- Genre: NHL hockey telecasts
- Created by: Rogers Media Sportsnet
- Presented by: Ron MacLean
- Starring: Elliotte Friedman Kevin Bieksa Colby Armstrong
- Theme music composer: Ubiquitous Synergy Seeker
- Opening theme: "Never Stop"
- Country of origin: Canada
- Original language: English

Production
- Production locations: Rogers Building, Toronto
- Camera setup: Multi-camera
- Running time: 180 minutes or until end of the game

Original release
- Network: Sportsnet

Related
- Hockey Night in Canada (predecessor) Monday Night Hockey

= Saturday Night Hockey =

Canadian National Hockey League television series

Saturday Night Hockey is an upcoming Canadian television series featuring national broadcasts of National Hockey League (NHL) games. Produced and broadcast by Sportsnet, it is scheduled to premiere on October 3, 2026 as the successor to Sportsnet's Saturday-night broadcasts under the Hockey Night in Canada name.
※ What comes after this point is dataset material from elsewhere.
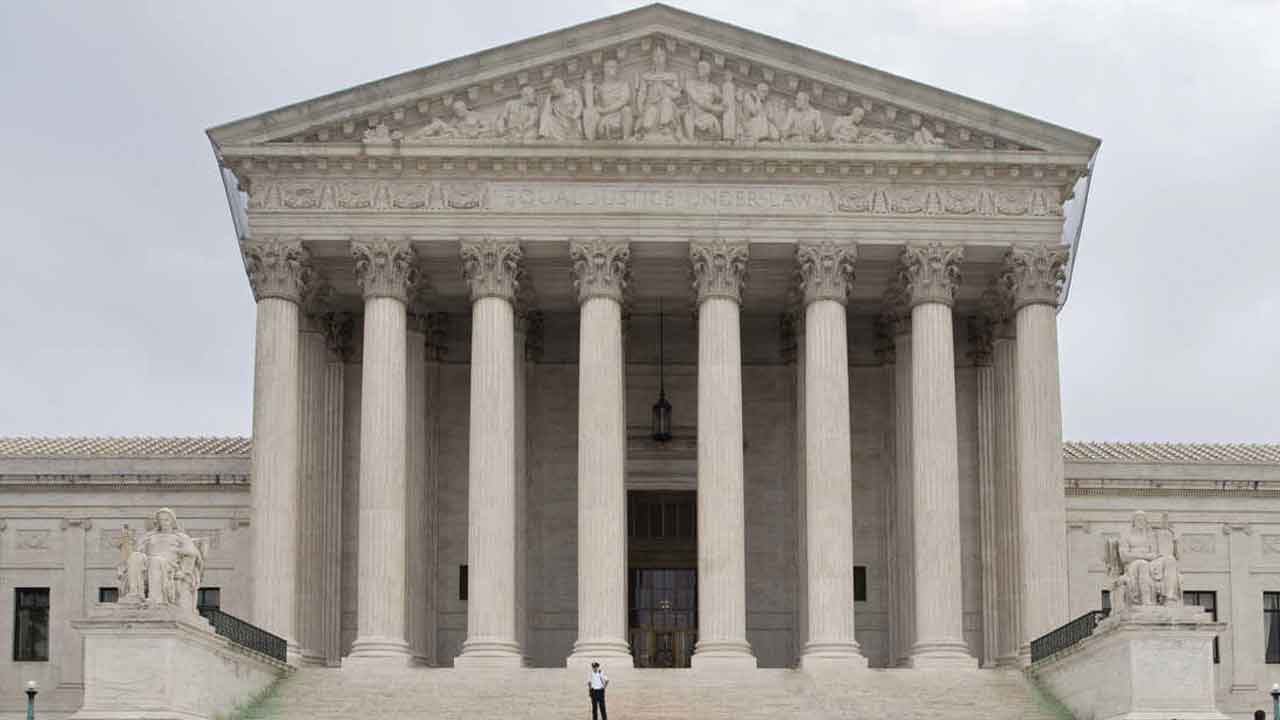 అమెరికాలో అబార్షన్‌ చట్టం రద్దు ?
Most of Hockey Night in Canadas production staff and on-air personnel have been retained. Saturday Night Hockey will be hosted by Ron MacLean, with Elliotte Friedman, Kevin Bieksa and Colby Armstrong serving as studio analysts. Each weekly broadcast will consist of an NHL doubleheader, with at least one Canadian team appearing in each game.

Saturday Night Hockey was announced as part of Sportsnet's expanded coverage for the 2026–27 NHL season. Sportsnet stated that its national schedule would include more than 550 games, an increase of 35 per cent over the previous season, following the removal of approximately 150 regional blackouts.

==Background==
From 2014 through 2026, Sportsnet produced Saturday-night NHL broadcasts under the Hockey Night in Canada name through an agreement with the Canadian Broadcasting Corporation (CBC), which owns the trademark. The broadcasts appeared on CBC Television as well as Sportsnet and other Rogers-owned channels. CBC and Sportsnet did not renew their sublicensing agreement after the 2026 Stanley Cup playoffs, ending NHL broadcasts on CBC after the 2025–26 season. Sportsnet subsequently introduced Saturday Night Hockey as its new flagship Saturday-night series.